Coluna de Rogel Samuel 
Rogel Samuel é Doutor em Letras e Professor aposentado da Pós-Graduação da UFRJ. poeta, romancista, cronista, webjornalista.
Blog pessoal: http://literaturarogelsamuel.blogspot.com/

Nº 294 - 1ª quinzena de março de 2016
(atualização quinzenal, dias 10 e 25)

A PANTERA

36.

Nas férias fui para Bournemouth. Lá aluguei um quarto numa casa que ficava longe de tudo, ao lado de um bosque cuja travessia me apavorava por escura, cheia de lama e onde havia, soltos, cães de caça que eu jurava que me iam caçar. Eram cães dos moradores ingleses das adjacências que pela manhã os soltavam. Eu temia um ataque, eu era a caça.

O dono da casa era um jovem com quem estabeleci logo uma forte relação de amizade.

– Não tenha medo, me disse uma amiga, são cães civilizados... vai ver que nem latem...

Eu não acreditava e, enquanto estava lá, um cão atacou uma senhora inglesa.

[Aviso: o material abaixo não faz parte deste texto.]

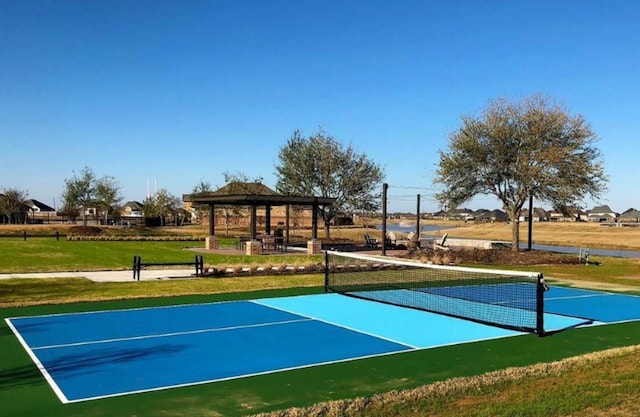 view of sport court featuring a tennis court and a gazebo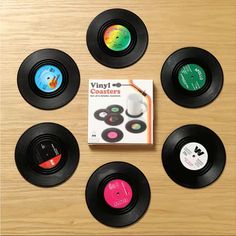 six different colored records sitting on top of a wooden table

Quase a matou.

Para piorar minha estada, caiu naquele ano as piores chuvas dos últimos 50 anos...

 

Mesmo assim minha permanência na Art University foi excelente.

Nos tempos livres andava pelas praias, explorava os segredos, os portos de luxo, grandes barcos, mansões reais.

Lá escrevi uma série de poemas que intitulei de “Poemas de Bournemouth”.

 

Foi quando recebi a notícia de que tinha uma filha... uma filha minha, de quando eu era bem jovem, quase adolescente.

Foi um choque.

Seu nome era Jatir.

As notícias, ainda confusas e contraditórias, diziam que já era uma jovem crescida e que queria muito conhecer o pai.

 

Mas me alertaram para que eu não aparecesse no Brasil, pois continuava sendo caçado pela polícia política brasileira.

– Não venha, disse-me um companheiro. Vamos tratar de tudo.

– Obrigado, eu lhe disse, ainda surpreso.

– Quer que a mandemos para você?

– Sem a mãe? Indaguei.

– A mãe já a abandonou há muito tempo, Jatir foi criada por uma família de classe média.

 

Eu continuava confuso, sem saber o que fazer.

 

– Como eu vou saber que é minha filha? perguntei.

– Se você a vir, logo saberá, respondeu o outro.

E assim, depois de algum tempo, com problemas e procedimentos, uma desconhecida a trouxe para Paris, e a primeira coisa que vi, que senti foi que era minha filha, sem nenhuma dúvida.

Já tinha uns dezenove anos, morena e bela, com um sorriso no rosto e me abraçou e beijou.